§ **TASK DIRECTIONS**: Copy out the data that follows exactly, leaving out no line.

§ **PROVIDED INFORMATION**:

* * * * *

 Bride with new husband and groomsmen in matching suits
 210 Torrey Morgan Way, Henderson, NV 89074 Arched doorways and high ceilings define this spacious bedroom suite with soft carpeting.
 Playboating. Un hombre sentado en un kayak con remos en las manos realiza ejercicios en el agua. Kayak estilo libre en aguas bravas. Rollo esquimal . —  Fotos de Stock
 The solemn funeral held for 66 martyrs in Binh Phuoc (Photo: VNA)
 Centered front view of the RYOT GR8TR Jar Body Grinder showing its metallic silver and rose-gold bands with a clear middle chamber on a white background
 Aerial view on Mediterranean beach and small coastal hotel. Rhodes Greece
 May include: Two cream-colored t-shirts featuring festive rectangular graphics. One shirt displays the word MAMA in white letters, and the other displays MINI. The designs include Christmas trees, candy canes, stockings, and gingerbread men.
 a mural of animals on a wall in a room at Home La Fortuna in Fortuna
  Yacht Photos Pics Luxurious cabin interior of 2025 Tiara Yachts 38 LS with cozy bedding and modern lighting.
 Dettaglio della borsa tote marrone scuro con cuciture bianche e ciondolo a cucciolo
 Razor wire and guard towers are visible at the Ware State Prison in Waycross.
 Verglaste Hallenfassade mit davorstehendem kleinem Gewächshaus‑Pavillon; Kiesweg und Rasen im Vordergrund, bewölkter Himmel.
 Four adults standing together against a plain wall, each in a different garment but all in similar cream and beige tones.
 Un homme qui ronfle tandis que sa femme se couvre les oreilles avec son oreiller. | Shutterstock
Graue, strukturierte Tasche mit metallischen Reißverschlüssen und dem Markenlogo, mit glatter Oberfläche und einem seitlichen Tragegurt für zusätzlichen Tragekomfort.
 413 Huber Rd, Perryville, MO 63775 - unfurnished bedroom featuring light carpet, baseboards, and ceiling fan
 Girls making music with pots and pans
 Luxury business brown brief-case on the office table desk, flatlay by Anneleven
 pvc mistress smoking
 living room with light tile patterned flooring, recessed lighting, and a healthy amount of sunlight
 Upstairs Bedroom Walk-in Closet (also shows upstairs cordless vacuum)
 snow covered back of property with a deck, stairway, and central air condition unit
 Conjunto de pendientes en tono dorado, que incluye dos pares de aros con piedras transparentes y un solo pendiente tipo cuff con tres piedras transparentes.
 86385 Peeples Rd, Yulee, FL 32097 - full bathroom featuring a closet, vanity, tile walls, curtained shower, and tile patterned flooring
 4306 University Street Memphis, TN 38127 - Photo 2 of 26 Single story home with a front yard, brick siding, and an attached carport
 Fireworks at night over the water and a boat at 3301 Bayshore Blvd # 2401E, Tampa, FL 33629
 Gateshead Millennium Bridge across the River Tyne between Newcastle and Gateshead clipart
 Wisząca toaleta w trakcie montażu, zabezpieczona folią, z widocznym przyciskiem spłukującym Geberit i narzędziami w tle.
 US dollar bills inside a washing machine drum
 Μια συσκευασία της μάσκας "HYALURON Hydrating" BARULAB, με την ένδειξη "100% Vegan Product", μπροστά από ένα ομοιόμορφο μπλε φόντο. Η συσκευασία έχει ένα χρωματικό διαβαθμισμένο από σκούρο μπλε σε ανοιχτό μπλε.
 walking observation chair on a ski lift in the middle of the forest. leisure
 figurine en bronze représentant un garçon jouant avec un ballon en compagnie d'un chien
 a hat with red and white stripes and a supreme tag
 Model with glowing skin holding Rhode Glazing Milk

* * * * *

§ **ANSWER TO THE EXERCISE**:
 Bride with new husband and groomsmen in matching suits
 210 Torrey Morgan Way, Henderson, NV 89074 Arched doorways and high ceilings define this spacious bedroom suite with soft carpeting.
 Playboating. Un hombre sentado en un kayak con remos en las manos realiza ejercicios en el agua. Kayak estilo libre en aguas bravas. Rollo esquimal . —  Fotos de Stock
 The solemn funeral held for 66 martyrs in Binh Phuoc (Photo: VNA)
 Centered front view of the RYOT GR8TR Jar Body Grinder showing its metallic silver and rose-gold bands with a clear middle chamber on a white background
 Aerial view on Mediterranean beach and small coastal hotel. Rhodes Greece
 May include: Two cream-colored t-shirts featuring festive rectangular graphics. One shirt displays the word MAMA in white letters, and the other displays MINI. The designs include Christmas trees, candy canes, stockings, and gingerbread men.
 a mural of animals on a wall in a room at Home La Fortuna in Fortuna
  Yacht Photos Pics Luxurious cabin interior of 2025 Tiara Yachts 38 LS with cozy bedding and modern lighting.
 Dettaglio della borsa tote marrone scuro con cuciture bianche e ciondolo a cucciolo
 Razor wire and guard towers are visible at the Ware State Prison in Waycross.
 Verglaste Hallenfassade mit davorstehendem kleinem Gewächshaus‑Pavillon; Kiesweg und Rasen im Vordergrund, bewölkter Himmel.
 Four adults standing together against a plain wall, each in a different garment but all in similar cream and beige tones.
 Un homme qui ronfle tandis que sa femme se couvre les oreilles avec son oreiller. | Shutterstock
Graue, strukturierte Tasche mit metallischen Reißverschlüssen und dem Markenlogo, mit glatter Oberfläche und einem seitlichen Tragegurt für zusätzlichen Tragekomfort.
 413 Huber Rd, Perryville, MO 63775 - unfurnished bedroom featuring light carpet, baseboards, and ceiling fan
 Girls making music with pots and pans
 Luxury business brown brief-case on the office table desk, flatlay by Anneleven
 pvc mistress smoking
 living room with light tile patterned flooring, recessed lighting, and a healthy amount of sunlight
 Upstairs Bedroom Walk-in Closet (also shows upstairs cordless vacuum)
 snow covered back of property with a deck, stairway, and central air condition unit
 Conjunto de pendientes en tono dorado, que incluye dos pares de aros con piedras transparentes y un solo pendiente tipo cuff con tres piedras transparentes.
 86385 Peeples Rd, Yulee, FL 32097 - full bathroom featuring a closet, vanity, tile walls, curtained shower, and tile patterned flooring
 4306 University Street Memphis, TN 38127 - Photo 2 of 26 Single story home with a front yard, brick siding, and an attached carport
 Fireworks at night over the water and a boat at 3301 Bayshore Blvd # 2401E, Tampa, FL 33629
 Gateshead Millennium Bridge across the River Tyne between Newcastle and Gateshead clipart
 Wisząca toaleta w trakcie montażu, zabezpieczona folią, z widocznym przyciskiem spłukującym Geberit i narzędziami w tle.
 US dollar bills inside a washing machine drum
 Μια συσκευασία της μάσκας "HYALURON Hydrating" BARULAB, με την ένδειξη "100% Vegan Product", μπροστά από ένα ομοιόμορφο μπλε φόντο. Η συσκευασία έχει ένα χρωματικό διαβαθμισμένο από σκούρο μπλε σε ανοιχτό μπλε.
 walking observation chair on a ski lift in the middle of the forest. leisure
 figurine en bronze représentant un garçon jouant avec un ballon en compagnie d'un chien
 a hat with red and white stripes and a supreme tag
 Model with glowing skin holding Rhode Glazing Milk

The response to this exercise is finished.